AA is associated with late-onset atopic diseases among adult patients with disease occurring between 21 and 60 years [21]. Late-onset AA is characterized by a marked female predominance, and disease severity is inversely proportional to age [17, 18], which is supported by the clinical consensus that young patients are often afflicted with a rapid disease progression, more extensive involvement, and a worse prognosis [53]. The association between AA and atopy among the pediatric population is controversial considering that an early disease onset often signifies a worse prognosis, while an increased age of onset is associated with a more mild disease course [16]. Children with AA and a family history of autoimmune disease usually present with a short (< 6 month) episode of AA before the age of 5 years, and up to 60% will present of AA prior to 20 years of age [16, 24]. However, no significant difference was identified with regard to the severity, pattern, or duration of disease or gender between adult and pediatric patient groups [25], highlighting the robust underlying immunological association between AA and atopy.

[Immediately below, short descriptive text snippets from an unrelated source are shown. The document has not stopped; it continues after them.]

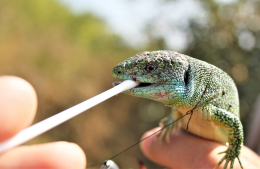 Eine Mundschleimhautprobe wird für genetische Analysen genommen. Foto: Dr. Ulrich Schulte
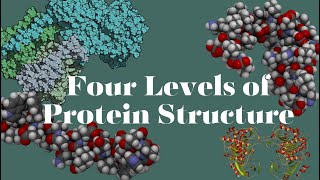 What are the four levels of Protein Structure  SIMPLE Explanation [upl. by Aneehsyt]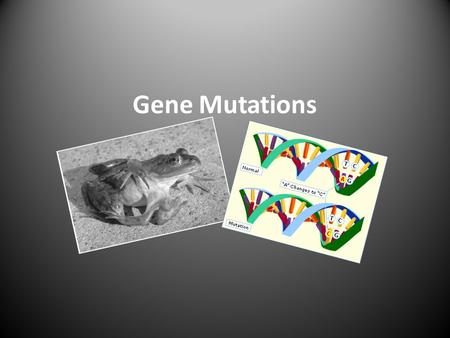 Gene Mutations. What are mutations and where do they occur?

Age of atopy onset and disease severity are independent factors whose association with AA should be explored further, in addition to the mere presence of atopy [54]. Stratification of atopy and AA prevalence by population demographics should also be undertaken given that the reported prevalence of atopy differs significantly depending on the patient population being studied, especially since atopy is more common in industrialized versus developing nations [2, 14, 16, 19, 55]. Of note, an increased frequency of AA is associated with more severe atopy [2, 3, 4].
Conclusions
Results regarding the association of AA with asthma are controversial; however, it is well-established that AA and AR occur more frequently together than AA and asthma. There is no established association between AA and systemic autoimmune disease involving the pulmonary system including sarcoidosis, SLE, MCTD, or DM.
Further research from an immunological standpoint is necessary to better understand the association between AA and respiratory diseases, as well as the other associated medical comorbidities beyond determining statistical significance. Elucidation of the involvement of Th2 cytokines in AA pathogenesis may even lead to the possibility of utilizing therapeutics specifically targeting IL-4/IL-13 pathways to temporarily treat patients with severe concomitant AA and atopy.
Statement of Ethics
The authors have no ethical conflicts to disclose.
Disclosure Statement
The authors have no conflicts of interests to declare.
Funding Sources
The authors did not receive any financial support for this research.
Author Contributions
The authors contributed equally to this paper.
Acknowledgement
The authors would like to thank the Clinical Dermatology Research Center of the University of California, Irvine, for the mentorship and support.